# CDSP Trial today



## krandall (Jun 11, 2009)

Kodi was a most excellent boy again today, with scores of 191 and 194 1/2, first place for both runs!


----------



## Molly120213 (Jan 22, 2014)

Congrats Kodi and Karen!


----------



## sandypaws (Aug 8, 2012)

Oh boy, Karen, you're going to have to put another addition on the house for all of Kodi's ribbons. Congratulations, again. Kodi is a surely a superstar! :whoo:


----------



## Milo's Mom (Aug 31, 2008)

Hurrah for Kodi and Karen! Congrats!


----------



## Ollie"s Mom (May 23, 2014)

Way to go Karen, what a good little man Kodi. You are a rockstar!! Did you get video Karen? Would love to see it.


----------



## Sheri (Oct 11, 2008)

Well done. As always.


----------



## Deacon Blues (Nov 22, 2013)

Great work! Very impressive!


----------



## emichel (May 3, 2012)

Awesome, you rock, Kodi! :whoo:


----------



## whimsy (Apr 3, 2010)

sandypaws said:


> Oh boy, Karen, you're going to have to put another addition on the house for all of Kodi's ribbons. Congratulations, again. Kodi is a surely a superstar! :whoo:


 I was just thinking the same thing!!!LOL....Congrats to you both!!!


----------



## Wags Mom (Dec 15, 2013)

Congratulations! Did you get a video?? Would love to see the two of you in action. Please share if you have one .


----------



## Hsusa (Dec 21, 2014)

Karen, that is so exciting. You are a super team, for sure. Congratulations to you and Kodi.


----------



## krandall (Jun 11, 2009)

Ollie"s Mom said:


> Way to go Karen, what a good little man Kodi. You are a rockstar!! Did you get video Karen? Would love to see it.

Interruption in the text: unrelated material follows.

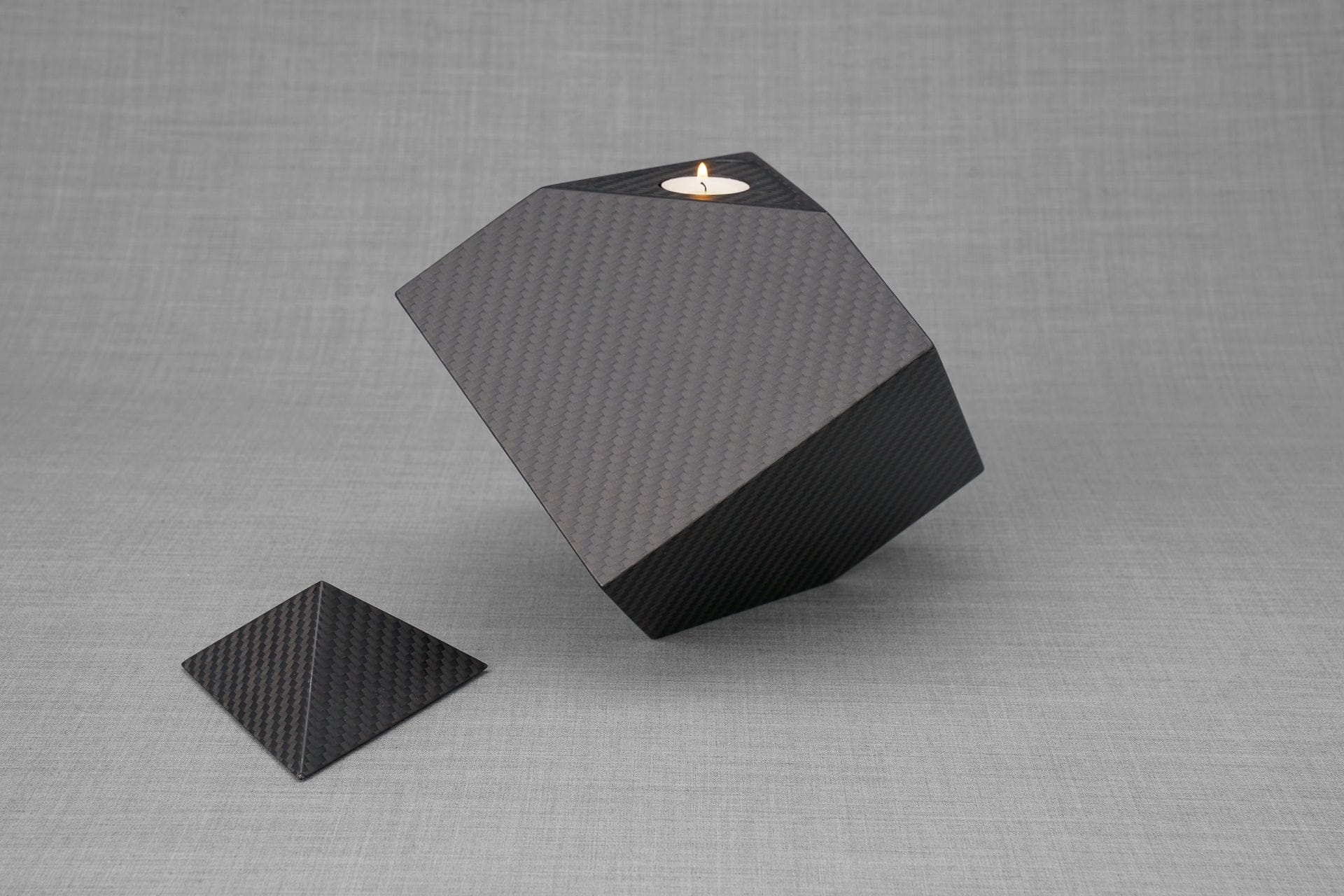 Pulvis Art Urns Adult Size Urn Carbon Fiber Cremation Urn "Abstract" - Twill Weave Carbon | Black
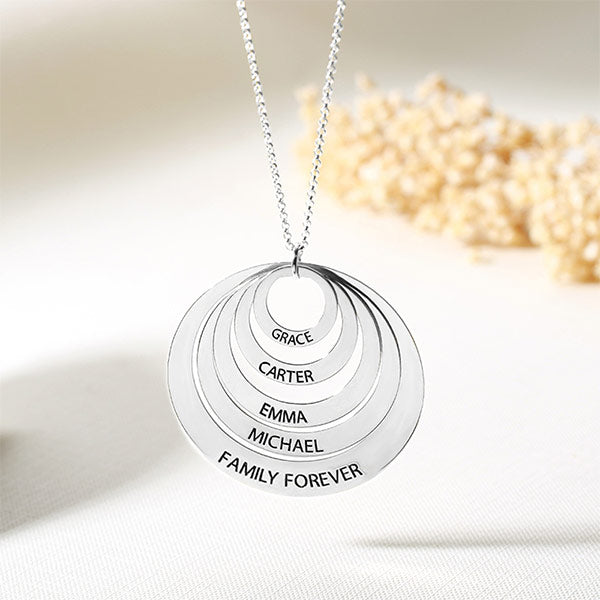 Family Stacked Circle Ring Necklace Engraved 925 Sterling Silver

Yes, I'll try to get it up later! We had another good day todayy. He didn't SCORE as well in his Open trial, but that's judges for you... You never know. But I thought he worked with me REALLY well. His Novice run was GORGEOUS until he broke his stay for an itch. So we NQ'd on that, but it was what I consider a "good" NQ, with really nice work in spite of one mistake.


----------



## Heather's (Jun 18, 2012)

Kodi's looks like he is ready to his interview Adorable! Congratulations to you and Kodi!!!


----------



## Sassy's Mom (Feb 4, 2015)

Congratulations :whoo: :whoo:


----------



## krandall (Jun 11, 2009)

Thanks! I won't bore you with all the runs, but someone asked for video, so here is one of his Open runs!:


----------



## Sassy's Mom (Feb 4, 2015)

That's great.


----------



## Wags Mom (Dec 15, 2013)

I love watching you and Kodi. The heeling exercise near the end of the video looked absolutely perfect! I also loved seeing how much fun Kodi had retrieving .


----------



## krandall (Jun 11, 2009)

Wags Mom said:


> I love watching you and Kodi. The heeling exercise near the end of the video looked absolutely perfect! I also loved seeing how much fun Kodi had retrieving .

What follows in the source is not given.